Just as an aside, it’s always intimidating to write a review on a “classic” book. I’m always worried I’m going to begin writing an essay or won’t be able to give my real opinion without feeling like I am offending someone. I’m also kind of unsatisfied with this review. It feels too short, too shallow.
Northanger Abbey was published posthumously, 15 years after it was written and therefore appears as one of Jane Austen’s later novels when it’s really one of her first. Despite finding criticism on reading like an unseasoned work, Northanger Abbey has turned out to be one of my favorites.
Catherine Morland is sent to live with the Allens, family friends vacationing in the city of Bath, a far cry from the Morland’s native country home. While there, our young, impressionable and “well-read” protagonist begins a series of social misadventures that inevitably strip away the veneer of her innocence and teach her much needed lessons about the real world she lives in and some of its more unsavory, questionable inhabitants.
Both a social commentary and satire on the popular gothic novel, Northanger Abbey is self-aware, especially juxtaposed against Catherine’s penchant for the gothic romances of her time often perceived as silly nonsense.
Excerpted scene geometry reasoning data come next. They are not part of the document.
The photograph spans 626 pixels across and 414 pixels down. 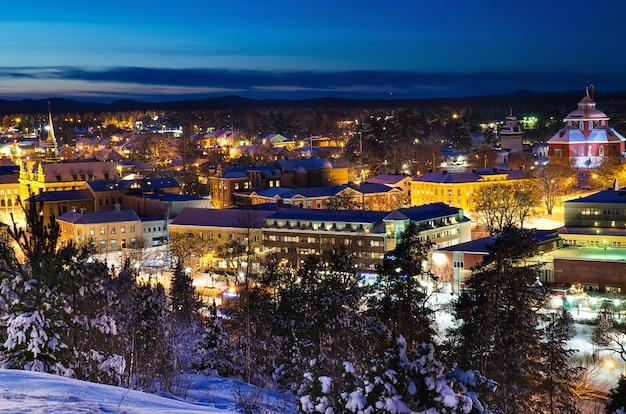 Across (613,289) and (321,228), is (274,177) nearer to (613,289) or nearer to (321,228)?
(321,228)

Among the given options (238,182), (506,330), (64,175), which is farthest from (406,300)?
(64,175)

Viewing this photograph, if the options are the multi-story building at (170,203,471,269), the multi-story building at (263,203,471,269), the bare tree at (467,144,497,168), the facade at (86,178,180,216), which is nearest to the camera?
the multi-story building at (263,203,471,269)

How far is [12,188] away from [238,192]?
19.6 m

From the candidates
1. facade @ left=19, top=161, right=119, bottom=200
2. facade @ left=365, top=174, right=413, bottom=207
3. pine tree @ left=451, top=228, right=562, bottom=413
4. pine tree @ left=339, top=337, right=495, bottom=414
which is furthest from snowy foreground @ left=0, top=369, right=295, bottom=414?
facade @ left=19, top=161, right=119, bottom=200

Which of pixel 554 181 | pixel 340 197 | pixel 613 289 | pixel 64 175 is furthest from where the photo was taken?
pixel 64 175

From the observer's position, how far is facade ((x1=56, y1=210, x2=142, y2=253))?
4722 cm

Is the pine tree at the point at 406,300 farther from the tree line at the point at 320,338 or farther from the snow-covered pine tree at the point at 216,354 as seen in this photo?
the snow-covered pine tree at the point at 216,354

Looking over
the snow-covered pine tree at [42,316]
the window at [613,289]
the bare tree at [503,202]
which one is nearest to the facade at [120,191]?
the bare tree at [503,202]

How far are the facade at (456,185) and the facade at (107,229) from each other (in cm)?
2146

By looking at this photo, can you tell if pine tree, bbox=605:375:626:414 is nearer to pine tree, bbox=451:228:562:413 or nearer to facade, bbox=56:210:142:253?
pine tree, bbox=451:228:562:413

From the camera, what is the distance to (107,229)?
47719 mm

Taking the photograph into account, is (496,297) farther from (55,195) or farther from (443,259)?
(55,195)

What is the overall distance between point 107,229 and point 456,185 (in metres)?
24.4

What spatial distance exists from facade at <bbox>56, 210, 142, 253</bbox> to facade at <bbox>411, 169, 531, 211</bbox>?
70.4ft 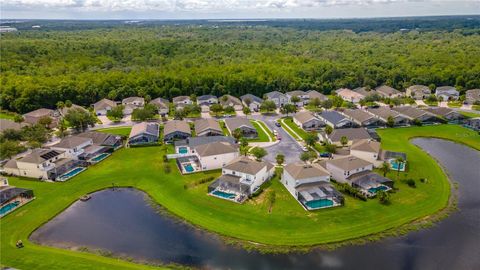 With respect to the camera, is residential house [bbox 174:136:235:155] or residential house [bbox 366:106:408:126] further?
residential house [bbox 366:106:408:126]

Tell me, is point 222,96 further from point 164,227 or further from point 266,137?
point 164,227

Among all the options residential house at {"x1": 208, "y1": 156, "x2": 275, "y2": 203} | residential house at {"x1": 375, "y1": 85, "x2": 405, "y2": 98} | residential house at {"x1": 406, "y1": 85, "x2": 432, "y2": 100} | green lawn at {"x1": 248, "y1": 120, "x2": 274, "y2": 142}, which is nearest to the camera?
residential house at {"x1": 208, "y1": 156, "x2": 275, "y2": 203}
The narrator provides a amusing glimpse into the power of Catherine’s imagination as it runs wilds conjuring probable scenarios better fitting a fictional tale. At every opportunity where one might expect certain predictable turn of events, the narrator steps in and politely reminds us that this is not one of those novels, Catherine is not the typical heroine and therefore, should not and will not lead the life of one. And where the narrator fails, there are an abundance of characters well versed in the tropes of the gothic novel to wittily prod Catherine along the way and insure a trajectory on the path of comedic enlightenment. Of course, as the reader, we too are set on the proper course with periodic reminders that we should not expect of the novel as Catherine is misguided enough to hope for in her adventures.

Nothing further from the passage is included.